(Beginning of SOURCE MATERIAL)

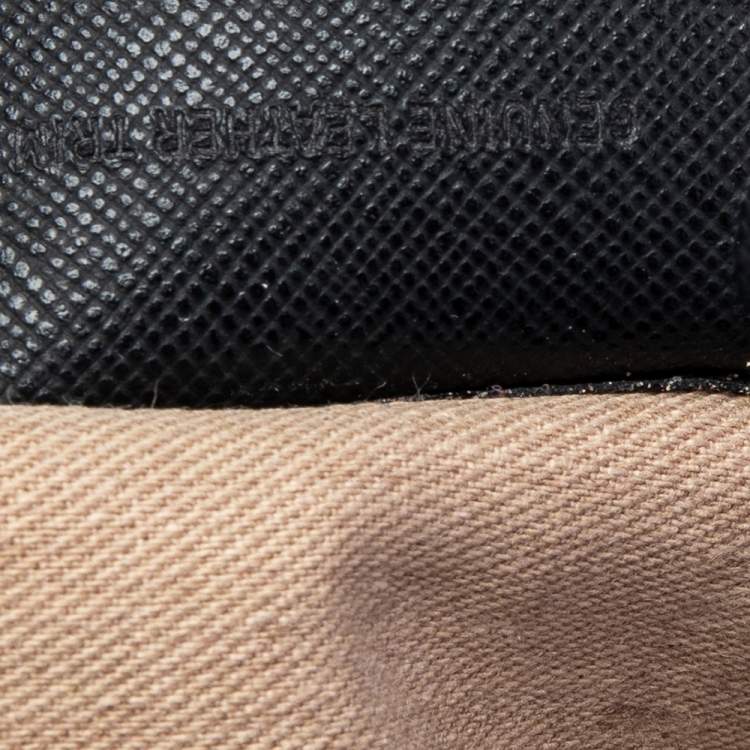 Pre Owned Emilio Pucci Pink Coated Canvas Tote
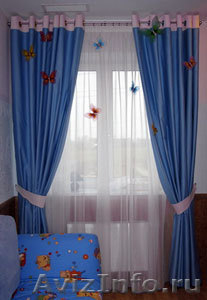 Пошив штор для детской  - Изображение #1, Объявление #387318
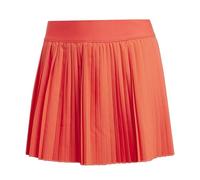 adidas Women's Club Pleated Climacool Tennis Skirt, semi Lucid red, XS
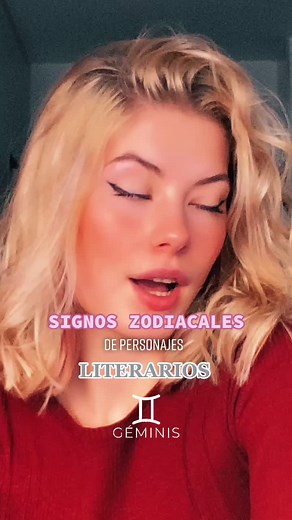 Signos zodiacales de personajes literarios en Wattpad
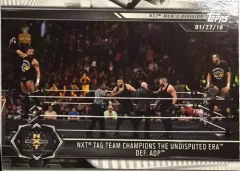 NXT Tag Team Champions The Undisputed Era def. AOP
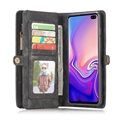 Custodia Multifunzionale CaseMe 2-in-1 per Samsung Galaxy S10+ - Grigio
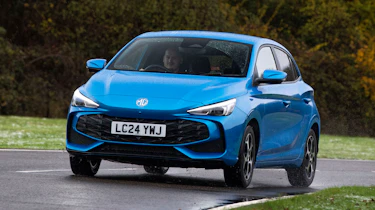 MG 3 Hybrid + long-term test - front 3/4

(End of SOURCE MATERIAL)

### WORK INSTRUCTION
Leaving out only the pictures, return the material above unchanged.

### THE ANSWER
 Pre Owned Emilio Pucci Pink Coated Canvas Tote
 Пошив штор для детской  - Изображение #1, Объявление #387318
 adidas Women's Club Pleated Climacool Tennis Skirt, semi Lucid red, XS
 Signos zodiacales de personajes literarios en Wattpad
 NXT Tag Team Champions The Undisputed Era def. AOP
 Custodia Multifunzionale CaseMe 2-in-1 per Samsung Galaxy S10+ - Grigio
 MG 3 Hybrid + long-term test - front 3/4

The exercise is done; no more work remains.